We are going to set up a GPU server with 2 Xeon quad core CPUs and 4 Tesla C2050 GPUs for the students of a CUDA programming graduate course. Several students should be able to use the server simultaneously and do their CUDA programming assignments on it. We have 2 options for OS, Linux or Windows Server 2008 Enterprise Edition.
Here I have two questions:
1- Which one of the operating systems I mentioned is better for this purpose and why?
2- Is it possible for all students to login to the server simultaneously (using SSH in Linux or remote desktop in windows) and run their own programming assignments at the same time? I wonder what happens in this scenario and how the 4 GPUs will be assigned to the users. As far as I know each user will be able to use all 4 GPUs and in Tesla series up to 16 kernels can be executed simultaneously. Am I right?

I have only worked with CUDA on a single user windows machine with a single GPU and so I have no idea what happens exactly in a multi-user machine in terms of GPU resource sharing.
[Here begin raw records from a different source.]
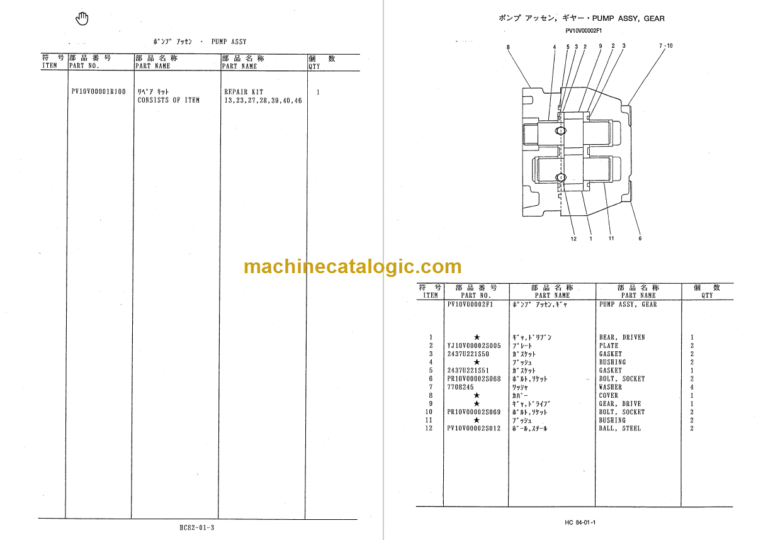 KOBELCO SK025-2 PARTS MANUAL
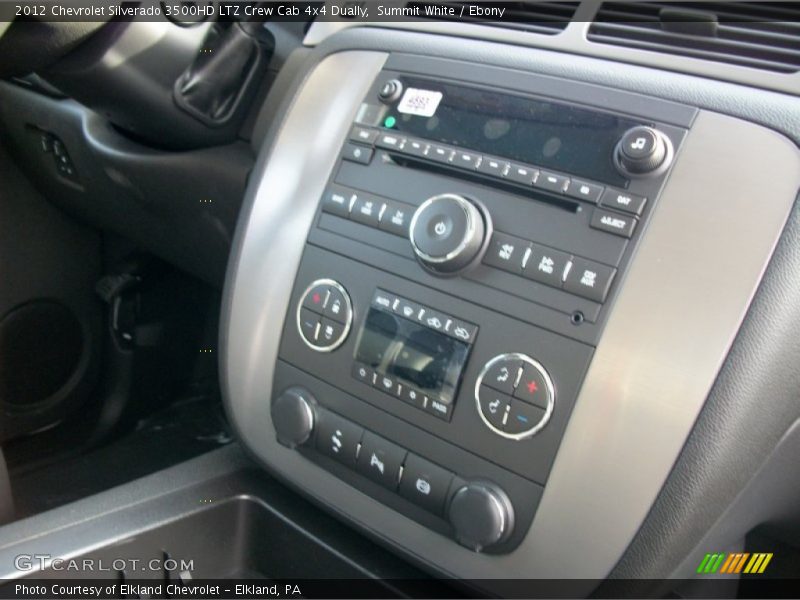 Controls of 2012 Silverado 3500HD LTZ Crew Cab 4x4 Dually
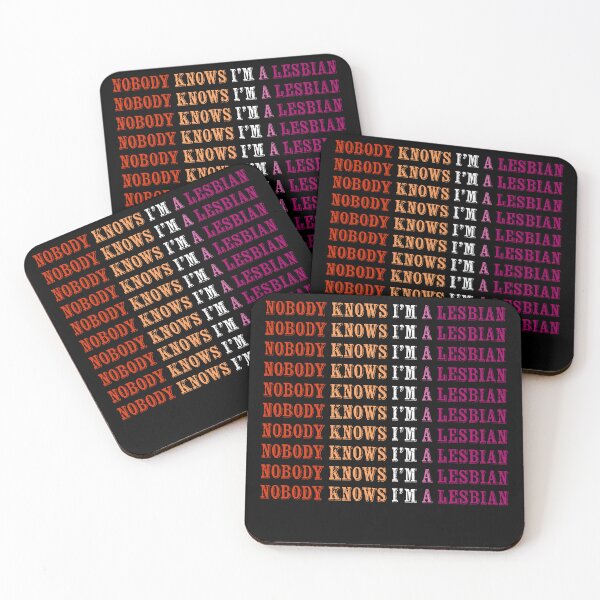Item preview, Nobody Knows I am A Lesbian Funny Lesbian Saying Lesbian pride flag designed and sold by House Sparrow.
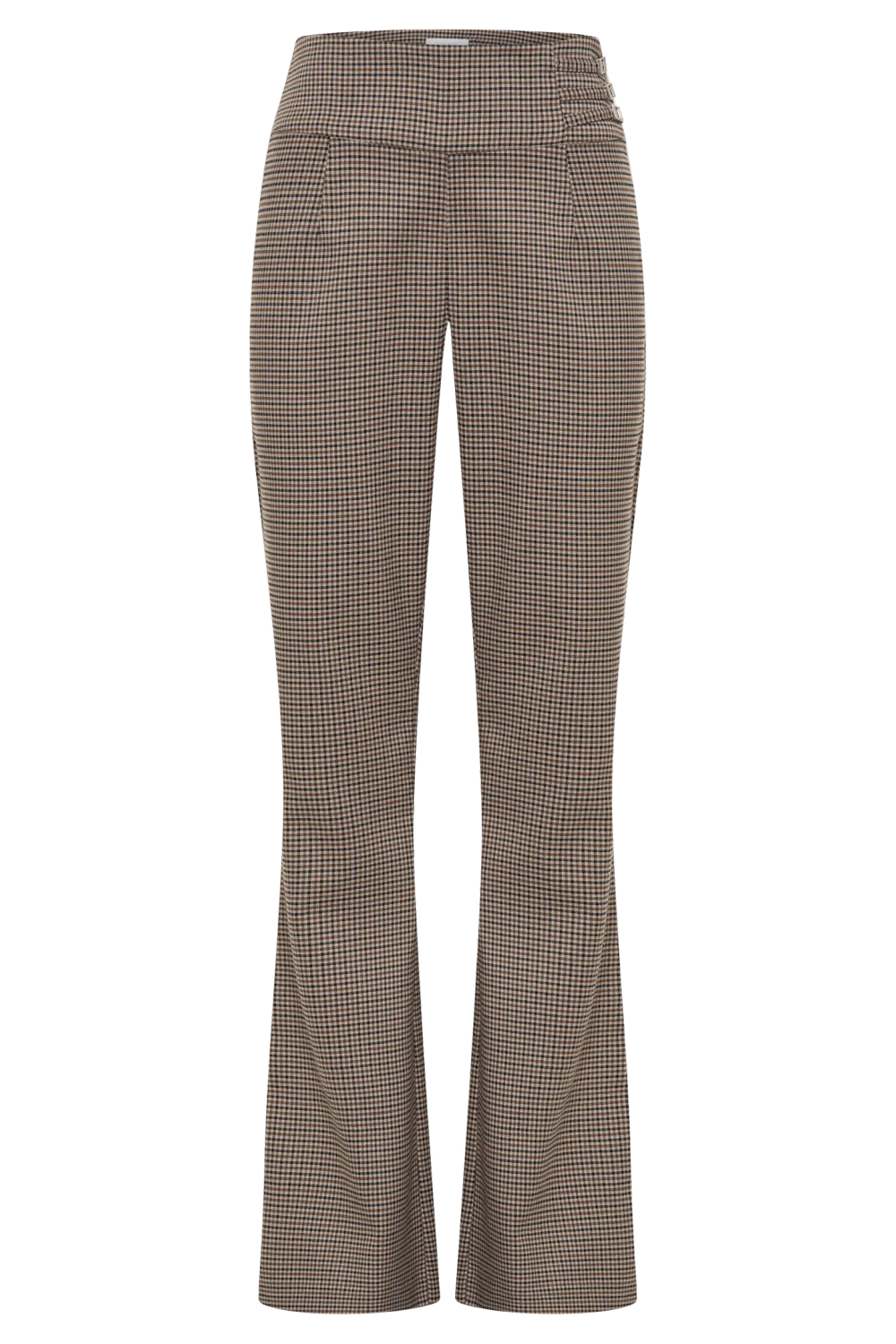 Mid Rise Buckle Straight Leg Pant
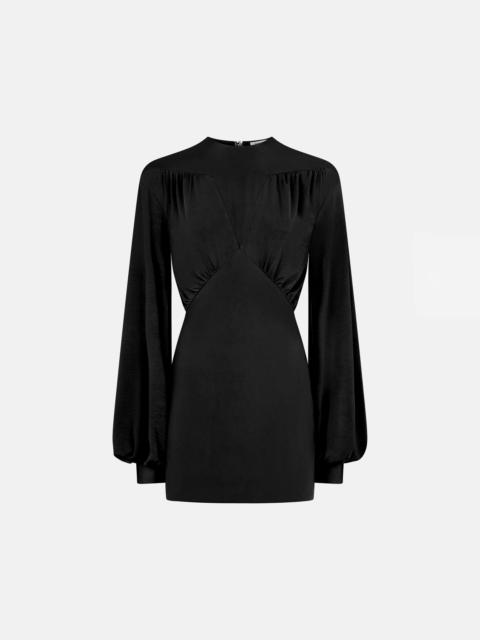 THE ATTICO ''JUDY''  BLACK MINI DRESS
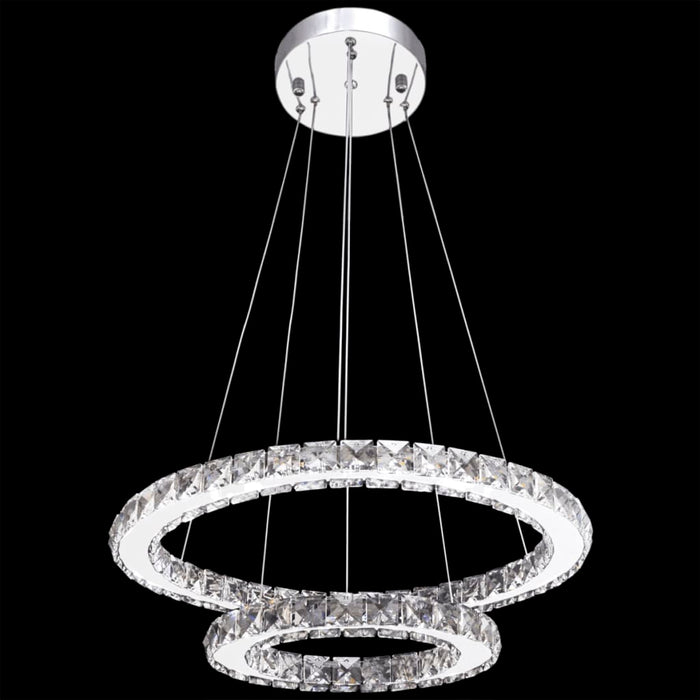 Medina Hanglamp kristal dubbele ring LED 23,6 W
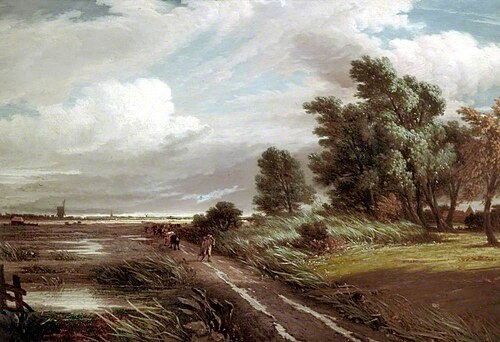On the Marshes, Norfolk, 1872, Philip Westcott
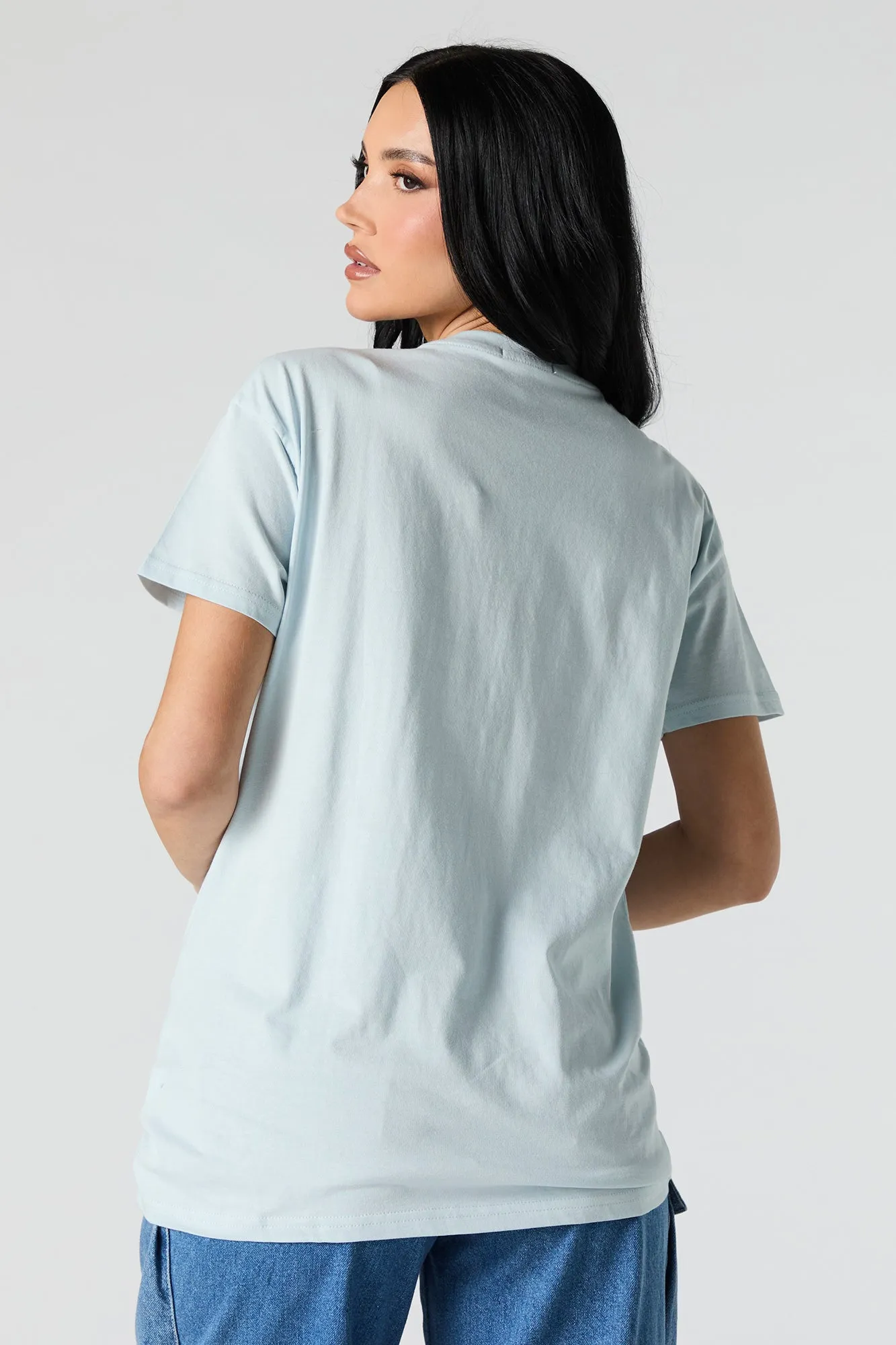 T-shirt avec motif brodé 93 en sergé sold by Urban Planet product image thumbnail 2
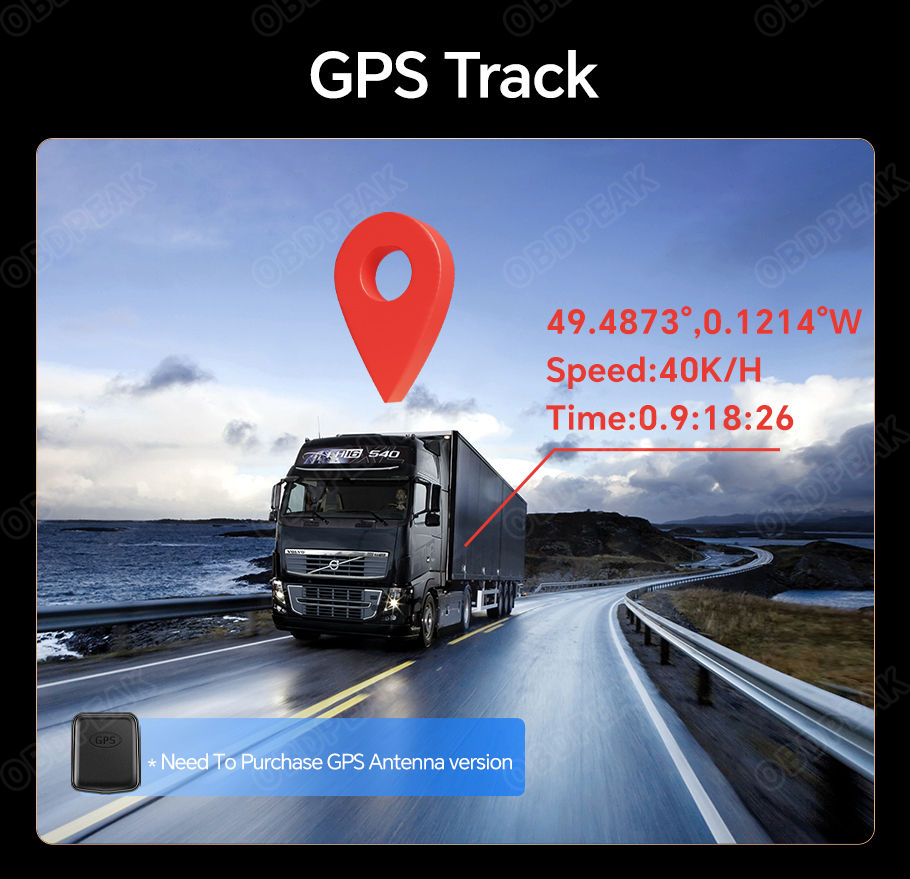 Miniatura: OBDPEAK K1 11.26 “ Carplay Android Auto 3 Cameras 2.5k+1080P+1080P Rearview Mi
Any advice you could give me would be greatly appreciated.
Thank you all for your help.

We are going to set up a GPU server with 2 Xeon quad core CPUs and 4 Tesla C2050 GPUs for the students of a CUDA programming graduate course. Several students should be able to use the server simultaneously and do their CUDA programming assignments on it. We have 2 options for OS, Linux or Windows Server 2008 Enterprise Edition.
Here I have two questions:
1- Which one of the operating systems I mentioned is better for this purpose and why?
2- Is it possible for all students to login to the server simultaneously (using SSH in Linux or remote desktop in windows) and run their own programming assignments at the same time? I wonder what happens in this scenario and how the 4 GPUs will be assigned to the users. As far as I know each user will be able to use all 4 GPUs and in Tesla series up to 16 kernels can be executed simultaneously. Am I right?

I have only worked with CUDA on a single user windows machine with a single GPU and so I have no idea what happens exactly in a multi-user machine in terms of GPU resource sharing.

Any advice you could give me would be greatly appreciated.
Thank you all for your help.

In the default boot-up configuration, if your students do not call cudaSetDevice() explicitly, they will all run their kernels on the same device. All CUDA devices support (though in the distant past there were bugs) time slicing between different processes when the execution of a kernel is finished. Note that there is no preemption, and that the concurrent kernel execution supported on Fermi is only for kernels issued from the same CUDA context in different streams. Different user processes cannot run kernels exactly simultaneously.

With the Linux tool nvidia-smi, you can set your GPUs as “compute-exclusive”, in which case each student process will associate with a different device when the CUDA context is initialized. Unfortunately, once all the devices are in use, new jobs will abort when they try to initialize a CUDA context. The only way to manage this would be to force students to submit jobs to a batch queue which would only run as many concurrent jobs as there were CUDA devices.

There is not, as far as I know, an existing device assignment strategy to load balance many users uniformly over CUDA devices, while allowing multiple users on the same device if no others are available. This would have to be some kind of custom device scheduler library that students would call to obtain the “least loaded device”.

In the default boot-up configuration, if your students do not call cudaSetDevice() explicitly, they will all run their kernels on the same device. All CUDA devices support (though in the distant past there were bugs) time slicing between different processes when the execution of a kernel is finished. Note that there is no preemption, and that the concurrent kernel execution supported on Fermi is only for kernels issued from the same CUDA context in different streams. Different user processes cannot run kernels exactly simultaneously.

With the Linux tool nvidia-smi, you can set your GPUs as “compute-exclusive”, in which case each student process will associate with a different device when the CUDA context is initialized. Unfortunately, once all the devices are in use, new jobs will abort when they try to initialize a CUDA context. The only way to manage this would be to force students to submit jobs to a batch queue which would only run as many concurrent jobs as there were CUDA devices.

There is not, as far as I know, an existing device assignment strategy to load balance many users uniformly over CUDA devices, while allowing multiple users on the same device if no others are available. This would have to be some kind of custom device scheduler library that students would call to obtain the “least loaded device”.

Hello, has there been any new developments or best practices at Nvidia since 2010? I would like to share my CUDA research server with my fellow PHD students.